Saved entries:
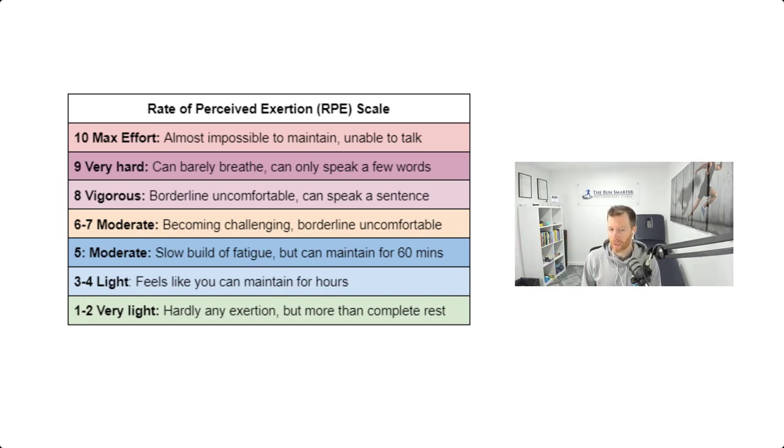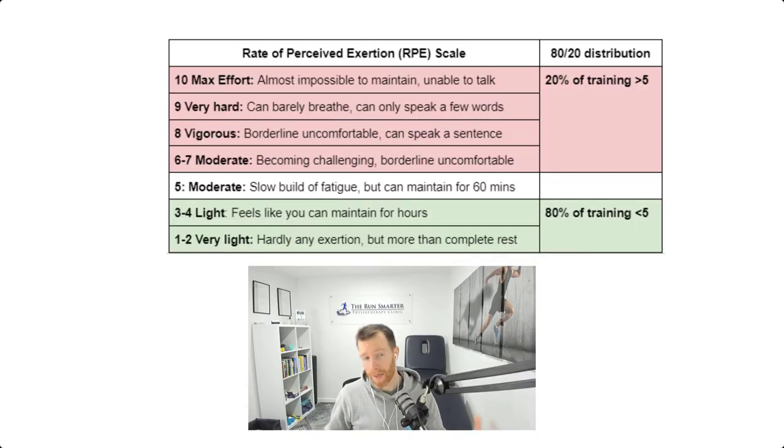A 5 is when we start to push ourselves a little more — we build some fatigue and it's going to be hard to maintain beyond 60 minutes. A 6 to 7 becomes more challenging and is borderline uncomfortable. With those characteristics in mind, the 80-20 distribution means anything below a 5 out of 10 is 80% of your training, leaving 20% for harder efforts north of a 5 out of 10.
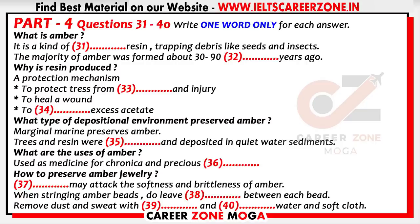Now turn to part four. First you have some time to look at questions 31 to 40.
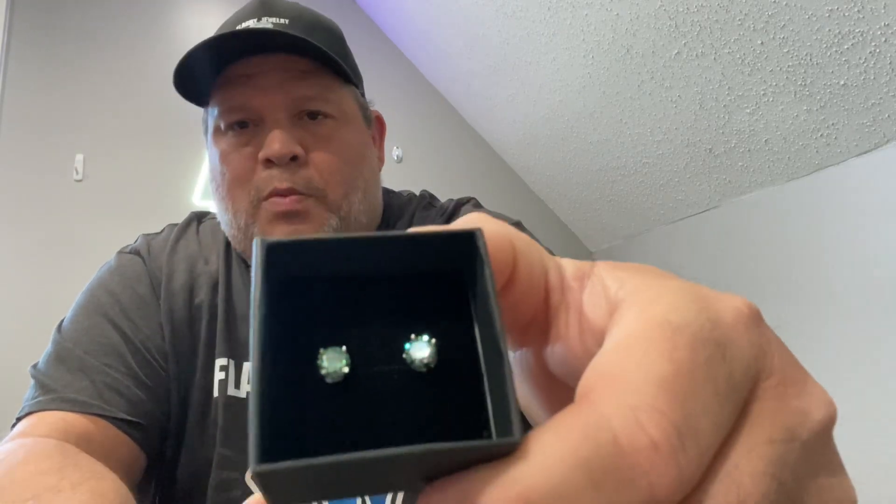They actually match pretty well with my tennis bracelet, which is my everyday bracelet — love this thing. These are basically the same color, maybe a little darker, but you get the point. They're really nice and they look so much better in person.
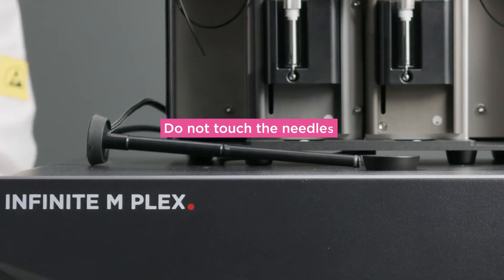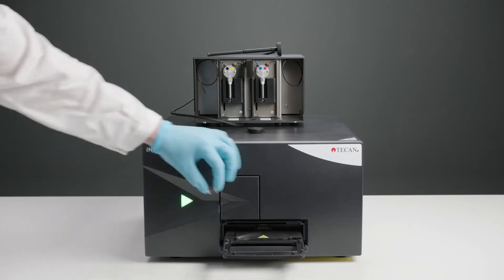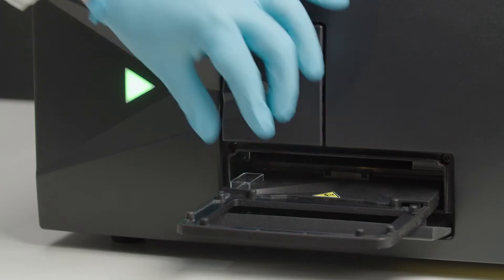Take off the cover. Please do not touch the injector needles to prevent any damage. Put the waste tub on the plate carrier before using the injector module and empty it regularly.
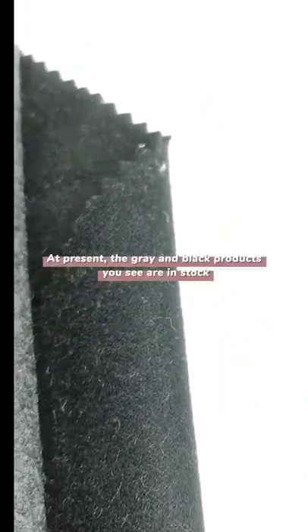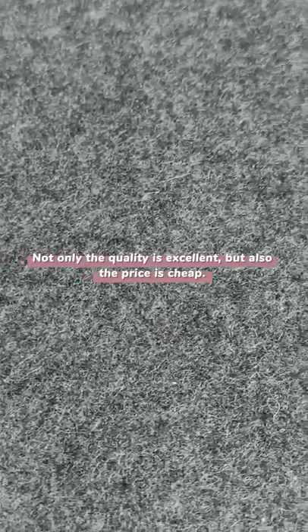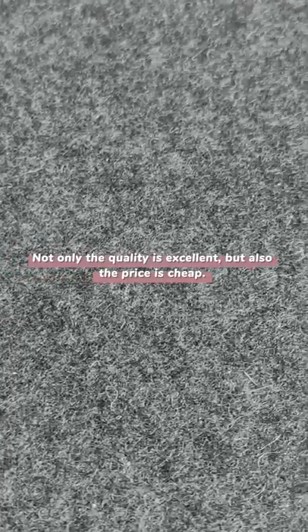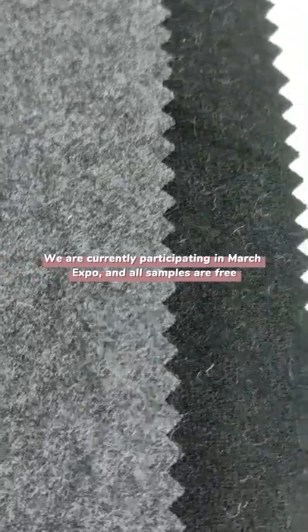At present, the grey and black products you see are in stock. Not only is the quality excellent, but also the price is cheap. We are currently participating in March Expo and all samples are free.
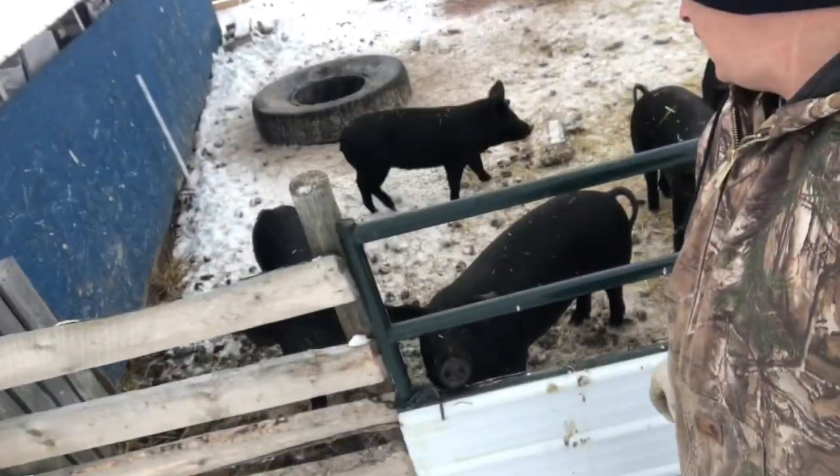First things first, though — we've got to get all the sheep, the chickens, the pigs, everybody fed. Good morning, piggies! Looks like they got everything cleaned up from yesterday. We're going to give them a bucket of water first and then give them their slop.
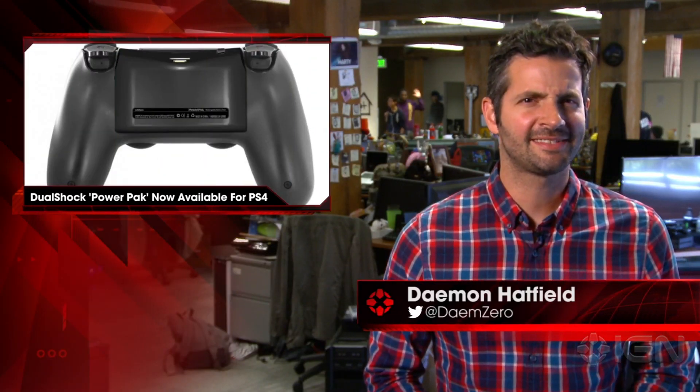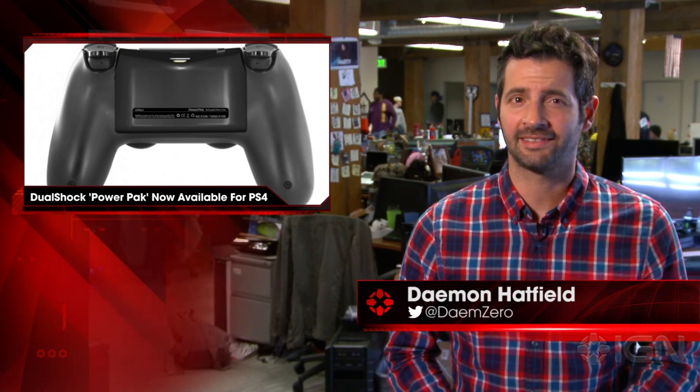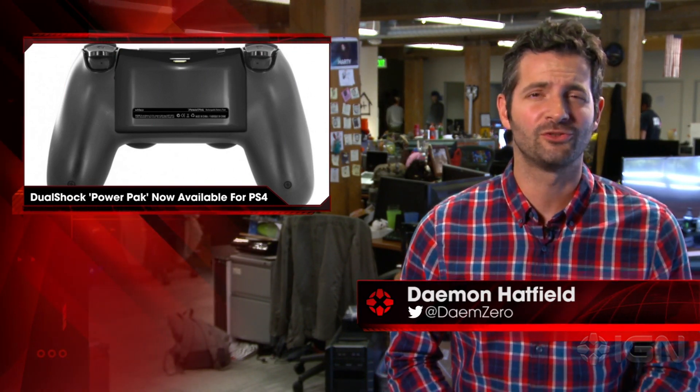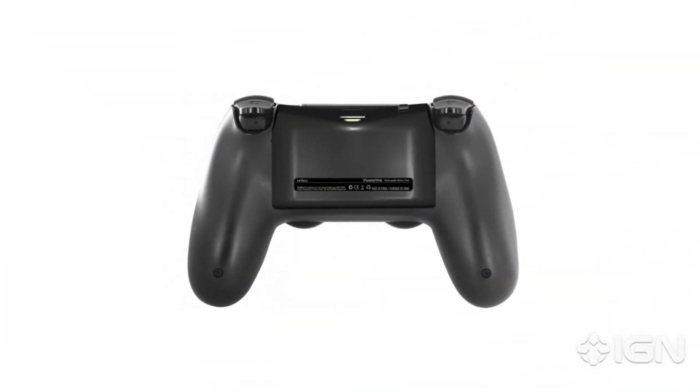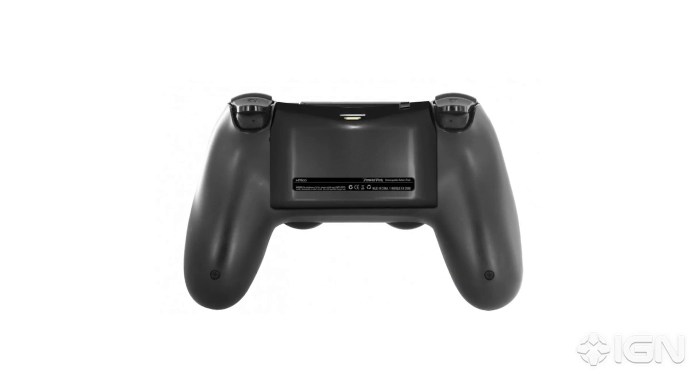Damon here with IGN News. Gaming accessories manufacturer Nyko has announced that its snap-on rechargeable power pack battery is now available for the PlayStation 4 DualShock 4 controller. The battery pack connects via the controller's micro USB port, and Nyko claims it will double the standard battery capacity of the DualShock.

**Exercise aim:** Give back the records exactly, minus any pictures.

**Response to the task:**
A 5 is when we start to push ourselves a little more — we build some fatigue and it's going to be hard to maintain beyond 60 minutes. A 6 to 7 becomes more challenging and is borderline uncomfortable. With those characteristics in mind, the 80-20 distribution means anything below a 5 out of 10 is 80% of your training, leaving 20% for harder efforts north of a 5 out of 10.
Now turn to part four. First you have some time to look at questions 31 to 40.
They actually match pretty well with my tennis bracelet, which is my everyday bracelet — love this thing. These are basically the same color, maybe a little darker, but you get the point. They're really nice and they look so much better in person.
Take off the cover. Please do not touch the injector needles to prevent any damage. Put the waste tub on the plate carrier before using the injector module and empty it regularly.
At present, the grey and black products you see are in stock. Not only is the quality excellent, but also the price is cheap. We are currently participating in March Expo and all samples are free.
First things first, though — we've got to get all the sheep, the chickens, the pigs, everybody fed. Good morning, piggies! Looks like they got everything cleaned up from yesterday. We're going to give them a bucket of water first and then give them their slop.
Damon here with IGN News. Gaming accessories manufacturer Nyko has announced that its snap-on rechargeable power pack battery is now available for the PlayStation 4 DualShock 4 controller. The battery pack connects via the controller's micro USB port, and Nyko claims it will double the standard battery capacity of the DualShock.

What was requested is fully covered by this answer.